One of the new allied races coming in World of Warcraft's Battle for Azeroth expansion

This is why while most other games make the main story something you can just jump into and enjoy, WoW locks it behind weeks of reputation grinding. This is why Blizzard is now staggering its patch releases, with a trickle of new content unlocked each week, rather than patching it in all at once. Have you ever noticed how it always takes more than thirty days for anything to fully release?

One of the eternal criticisms of free to play games is that they force you pay cash, or grind endlessly. Don’t get me wrong, “pay or grind” is not a great deal for the player, but it’s still better than a subscription game, where you pay to grind.

A good example is WoW’s upcoming allied races feature. Whereas if a free to play game added a new playable race, you might have to pay to unlock it, WoW will require you to both pay for the new expansion and spend weeks — potentially months — grinding various reputations to unlock the new races.

Free to play games ask for your money or your time, but subscription games demand both, because for a subscription game they’re one and the same.

As the Goblins say, “Time is money, friend.”

They Spit in the Face of Customer Loyalty

Subscriptions are essentially “Yeah, but What Have You Done for Me Lately: The Business Model.” It doesn’t matter how many hours or how much money you pour into a game. If you haven’t coughed up $15 in the last thirty days, you’re completely locked out.

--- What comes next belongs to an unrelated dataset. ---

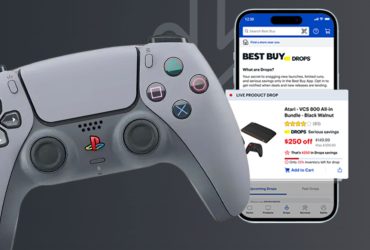 PlayStation's Anniversary PS5 And DualSense Being Restocked At Best Buy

Let’s say you lose your job or otherwise hit a financial rough patch, and can no longer afford your subscription fee. Well, kiss goodbye to the characters you’ve spent potentially years developing. Say farewell to all the friends in your guild. Sucks to be you.

Final Fantasy XIV, one the last remaining subscription games on the market

That’s a terrible way to treat a loyal customer.

Games based around micro-transactions may have their flaws, but when you buy something, it’s yours. If you don’t have the funds to keep spending as you have, you can still keep playing, and enjoying all the perks you’ve bought in the past.

But to a subscription game, you’re only as good as your last payment. Never have I felt less like a person and more like a walking dollar sign than while playing a subscription game.

They Discourage Variety

In the past, there weren’t many MMOs around, and it made sense to just fully commit to one. But these days the field is overflowing with choices, and most people want to be able to enjoy more than one game.

Subscriptions make that a lot more difficult. If you’re paying a subscription to one game, playing anything else is going to feel like you’re wasting money because, well, you are. And if the other games you want to play are also subscription based, the cost is going to get prohibitive pretty fast.

Subscription games want you to play them and nothing else, and that sucks the fun out of the whole hobby. You don’t get to enjoy other games as much, and you burn out on your main game more quickly.

Their One Strength Is a Lie

The one advantage a mandatory subscription is supposed to hold over other business models — the chief argument I see put forth in its favour — is that it creates a level playing field. You pay a single fee and get access to the whole game. You don’t have your wallet eaten away by numerous extra charges, and everyone is put on the same level.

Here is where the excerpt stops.